> _TASK DIRECTIONS_: Nothing but the lines from the one containing "Седан Nissan Primera 1996 в Львове" through the last line of the records below should be copied, exactly and without pictures.

[Opening DATASET RECORDS section]

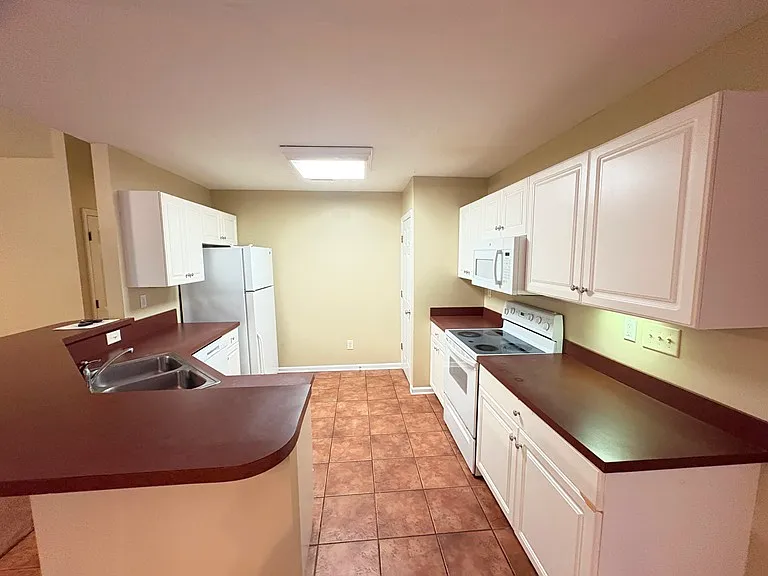 338 Farina Dr — Photo 8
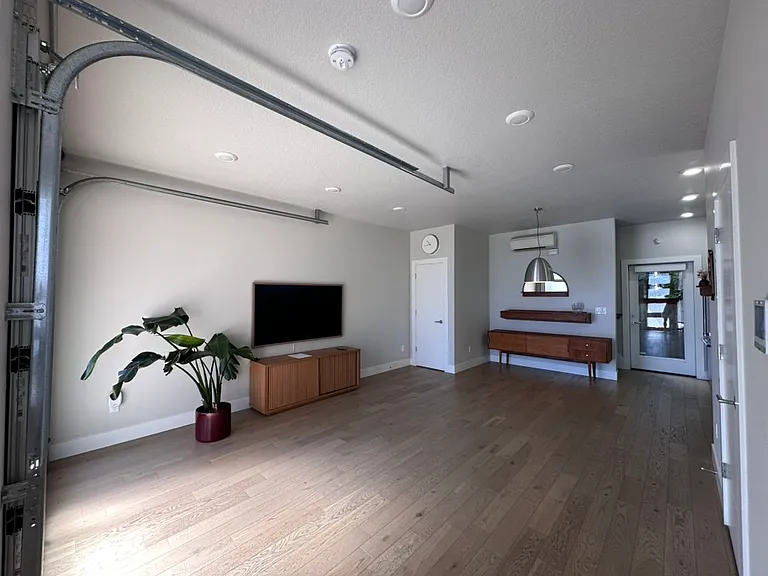 5991 N Michigan Ave — Photo 4
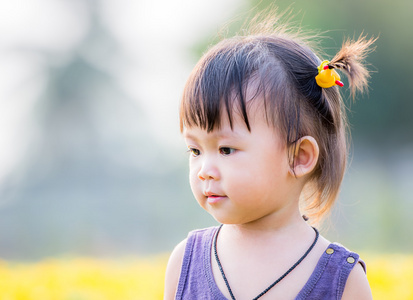 小小的亚洲女孩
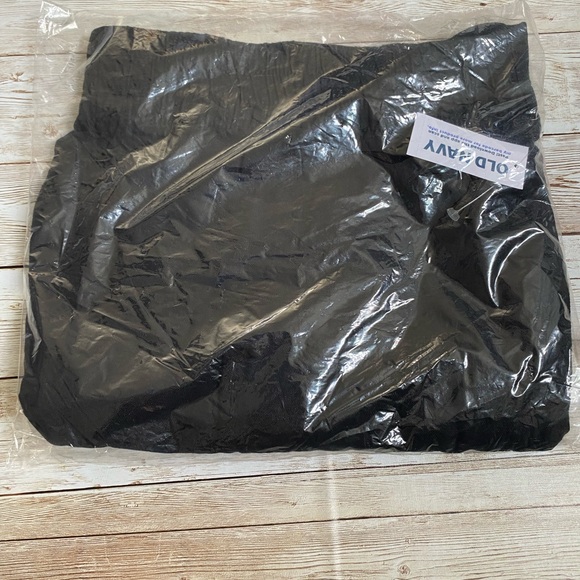 🆕 Old Navy Women’s High-Waisted Linen-Blend Shorts 3.5-in inseam Black XL 16-18 - Picture 10 of 16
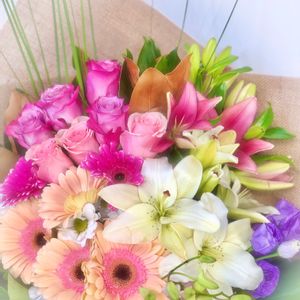 フラワーアーティスト,ピンクの花,フラワー,バラのある暮らし,美しい花の画像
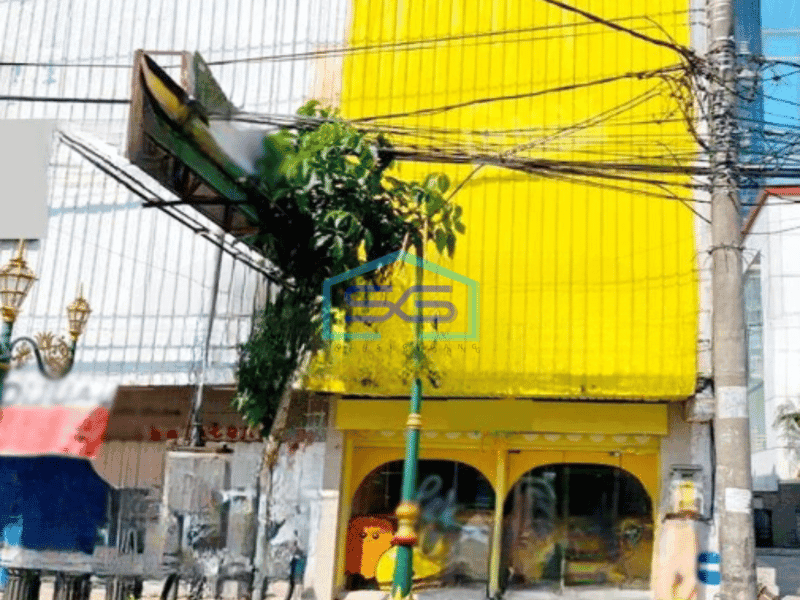 Disewakan Ruko 2 Lantai Siap Huni Luas Bangunan 140 m² LokasI Strategis di Malang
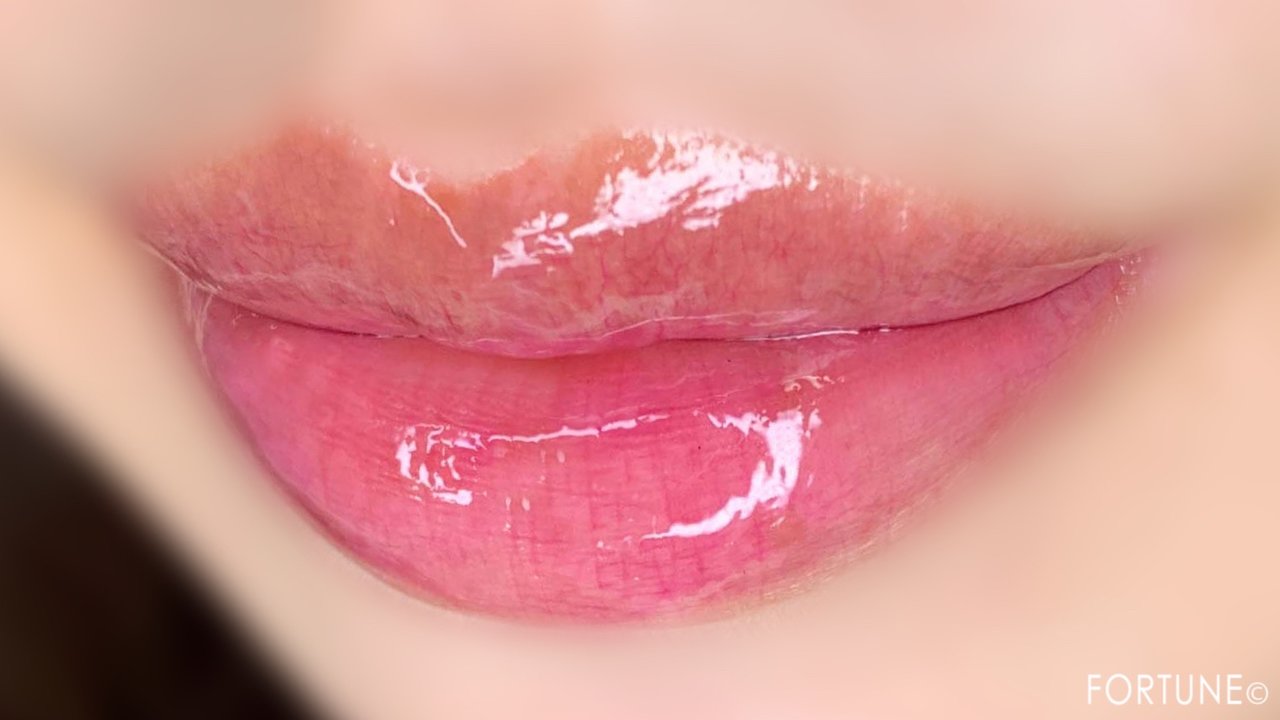 クラランス コンフォート リップオイル 新色 08 ブラックベリー 使用感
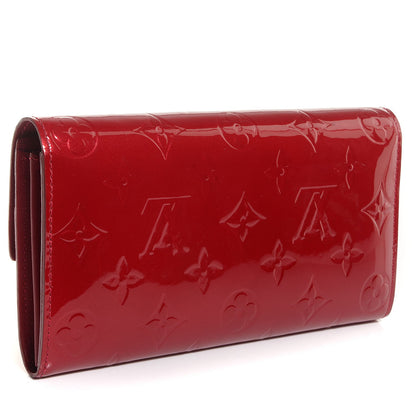 Louis Vuitton Vernis Sarah Wallet Pomme D'Amour 3 of 9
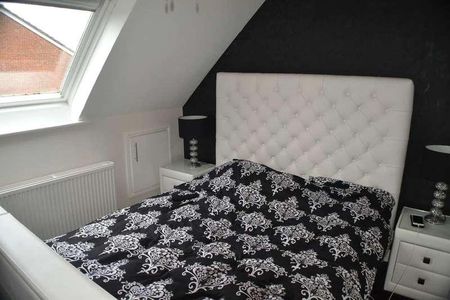 Alston Mews Thatcham, RG19 - Photo 2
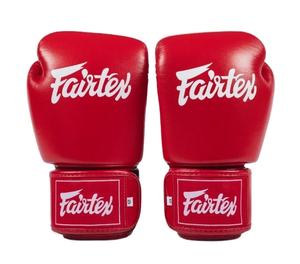 Gants de boxe Fairtex noirs de qualité supérieure, 12 oz, pour entraînement de Muay Thai et de kickboxing - Product Image 1
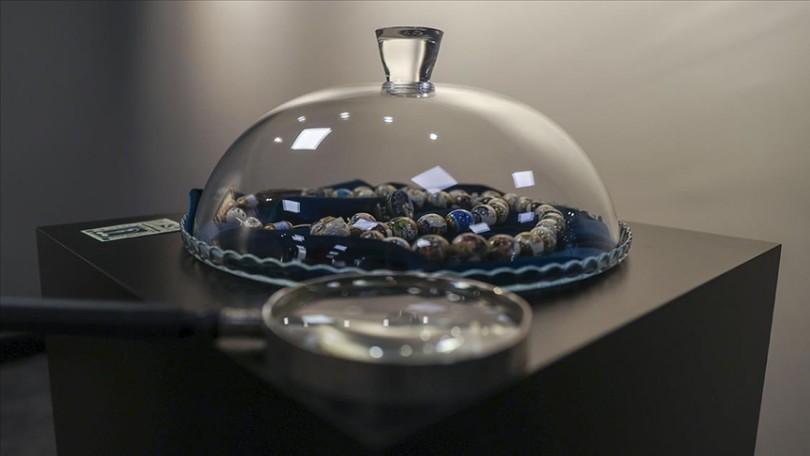 Tespih tanelerine Kur’an-ı Kerim’in 30 cüzünü işledi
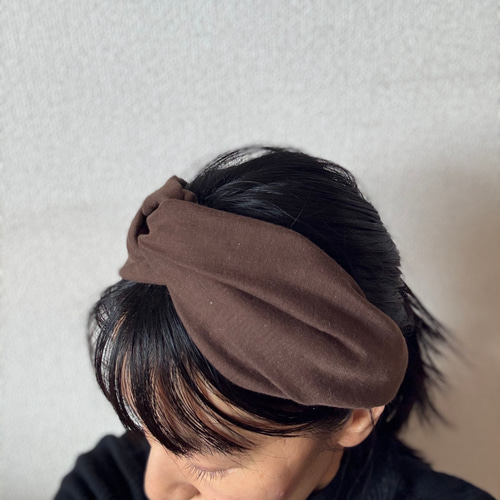 チョコブラウンのクロスターバン（ダブルガーゼ) ヘアバンド ヘア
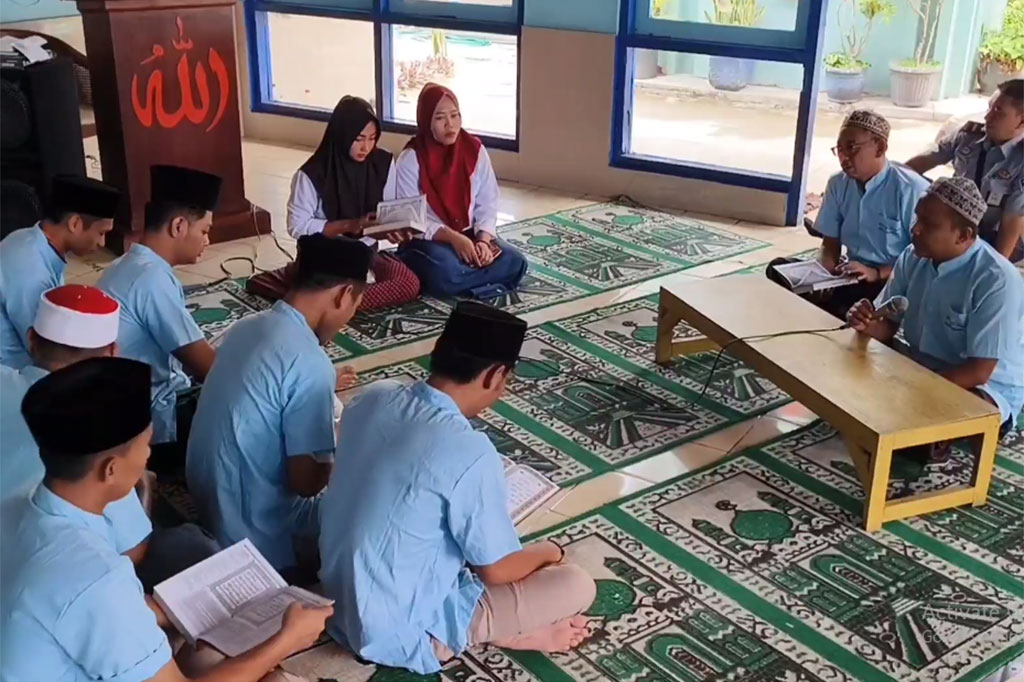 Selama Ramadan, Lembaga Pemasyarakatan Kelas 2B Rembang, Jawa Tengah, menggelar pesantren kilat untuk para napi. Pesantren kilat ini wajib diikuti para napi untuk lebih mendekatkan diri kepada Allah SWT, agar para napi dapat menyadari kesalahannya pada masa lalu.
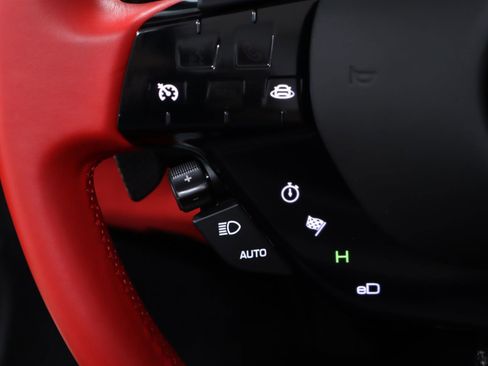 Used 2025 Ferrari 296 GTS image 30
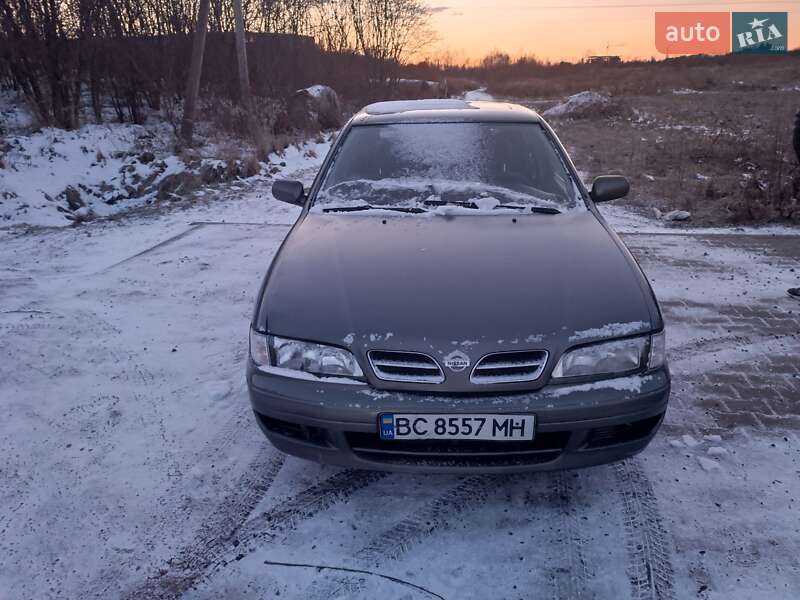 Седан Nissan Primera 1996 в Львове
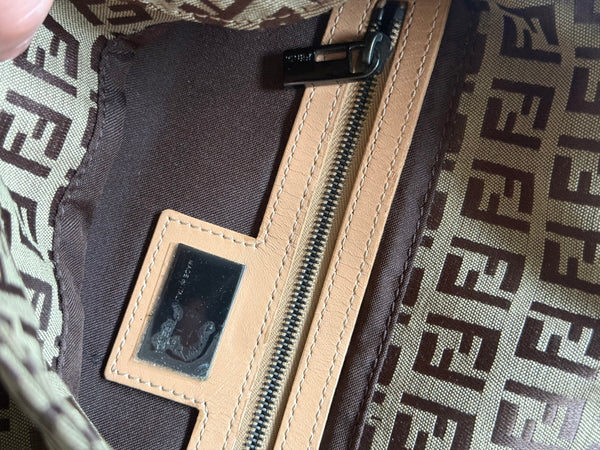 FENDI BAGUETTE VINTAGE ZUCCHINO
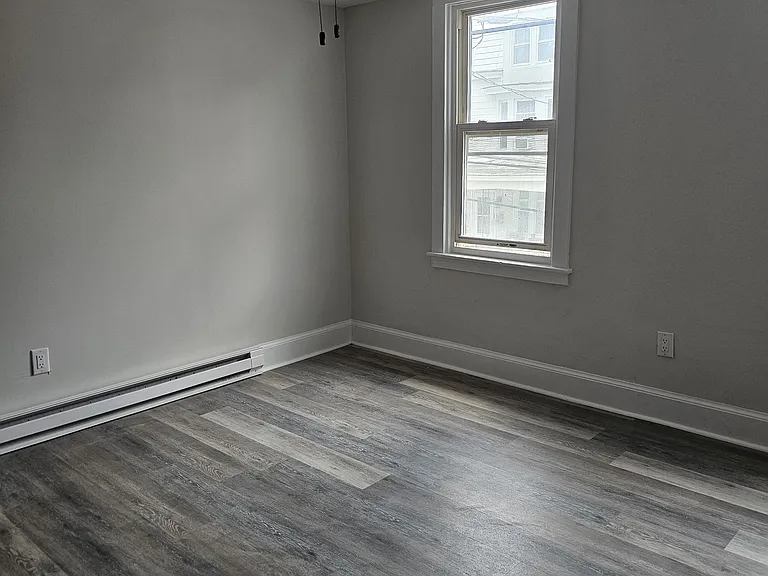 107 Paxson Ave — Photo 12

[Closing DATASET RECORDS section]

> _FINAL ANSWER_:
 Седан Nissan Primera 1996 в Львове
 FENDI BAGUETTE VINTAGE ZUCCHINO
 107 Paxson Ave — Photo 12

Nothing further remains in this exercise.